QUICK ESCAPE FROM SITE

Overview

  • Working to improve access to justice is not only about rebuilding the justice sector to address current and future incidents of violence, but also about ensuring access to justice for survivors of conflict-related VAWG. Past experience shows however that in post-conflict settings national authorities often fail to investigate and prosecute violence that occurred during conflict due to (excerpted from Amnesty International, n.d., unless otherwise noted):
    • A lack of political will
    • Political decisions made to establish amnesties protecting the perpetrators
    • The collapse of the national legal system
    • Inadequate national laws criminalizing the crimes
    • Other legal obstacles to justice, including statutes of limitations and immunities 
    • State authorities themselves being implicated in these crimes (OHCHR, 2006, pg. 29-32).
  • In these cases, where accountability through the national justice system is impractical or impossible, other mechanisms, such as transitional justice, international and internationalized justice mechanisms should be considered. It is crucial that VAWG actors in post-conflict settings understand the different types of mechanisms available so they can advocate for them where appropriate, monitor them, and provide support to survivors in accessing them. VAWG actors should consider the following strategies and interventions (excerpted from UNHCR, 2006 and Samuels, 2006, unless otherwise noted):
    • Ensure that elements of internationalized courts statutes and rules are consistent with the highest standards of international justice
    • Advocate for the prosecution of all cases
    • Advocate for cooperation with other states 
    • Advocate for financial contribution to the courts from other states – and own state
    • Support the creation of appropriate mechanisms
    • Conduct advocacy and education to inform survivors of their rights in regard to these mechanisms
    • Ensure that mandates specifically include gender justice as a human rights violation as well as an inclusive definition of VAWG (for example, the Rome Statute definition of sexual violence which is the most inclusive definition in international law)

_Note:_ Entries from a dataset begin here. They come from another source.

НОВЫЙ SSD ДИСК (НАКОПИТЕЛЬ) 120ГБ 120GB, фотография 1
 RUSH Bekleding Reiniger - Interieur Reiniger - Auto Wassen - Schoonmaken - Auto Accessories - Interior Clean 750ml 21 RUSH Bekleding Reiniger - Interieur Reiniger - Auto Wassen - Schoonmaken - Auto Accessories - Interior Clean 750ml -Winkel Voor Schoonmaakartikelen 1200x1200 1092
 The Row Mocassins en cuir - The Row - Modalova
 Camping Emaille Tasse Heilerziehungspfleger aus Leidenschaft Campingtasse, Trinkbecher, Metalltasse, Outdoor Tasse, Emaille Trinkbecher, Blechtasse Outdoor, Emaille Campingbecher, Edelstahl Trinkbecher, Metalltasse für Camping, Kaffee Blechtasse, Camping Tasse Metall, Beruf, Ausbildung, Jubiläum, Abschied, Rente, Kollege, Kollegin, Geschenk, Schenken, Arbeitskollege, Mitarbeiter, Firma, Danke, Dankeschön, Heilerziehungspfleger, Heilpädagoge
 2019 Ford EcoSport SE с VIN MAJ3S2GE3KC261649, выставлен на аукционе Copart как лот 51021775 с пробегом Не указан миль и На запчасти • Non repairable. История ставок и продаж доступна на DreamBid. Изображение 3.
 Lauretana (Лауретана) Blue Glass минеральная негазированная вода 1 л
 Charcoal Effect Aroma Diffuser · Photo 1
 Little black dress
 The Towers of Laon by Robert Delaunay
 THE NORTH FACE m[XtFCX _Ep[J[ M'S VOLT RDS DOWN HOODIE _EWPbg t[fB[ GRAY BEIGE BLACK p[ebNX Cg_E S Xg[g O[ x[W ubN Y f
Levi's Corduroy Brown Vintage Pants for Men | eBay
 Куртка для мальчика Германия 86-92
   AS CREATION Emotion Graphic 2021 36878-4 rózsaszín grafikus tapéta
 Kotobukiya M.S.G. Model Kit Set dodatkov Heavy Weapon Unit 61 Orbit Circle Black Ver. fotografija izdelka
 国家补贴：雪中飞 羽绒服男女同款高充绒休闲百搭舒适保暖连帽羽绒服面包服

    • Monitor the mechanisms for compliance with human rights, inclusion of gender responsive procedures
    • Ensure that rules and procedures are in place to protect witnesses
    • Provide capacity training of staff, and technical assistance for actors involved
    • Assist the justice mechanisms to foster a culture of accountability and address impunity
    • Assist governments to understand their obligations under international human rights standards regarding women
    • Support the participation of women from the outset in forming and shaping justice mechanisms (UNWOMEN, 2011)
    • Develop programmes that allow victims to prepare adequately and participate meaningfully in the prosecution process
    • Work with prosecution teams, truth commissioners and other actors to develop an approach that addresses a number of key issues, such as risk assessment, realistic expectations, prosecutorial strategy, the role of witnesses, the rights of victims, and what to expect from the prosecuting authorities in terms of treatment, communication and transparency
    • Ensure that local actors are consulted from the outset so that approaches are not perceived as being a foreign imposition.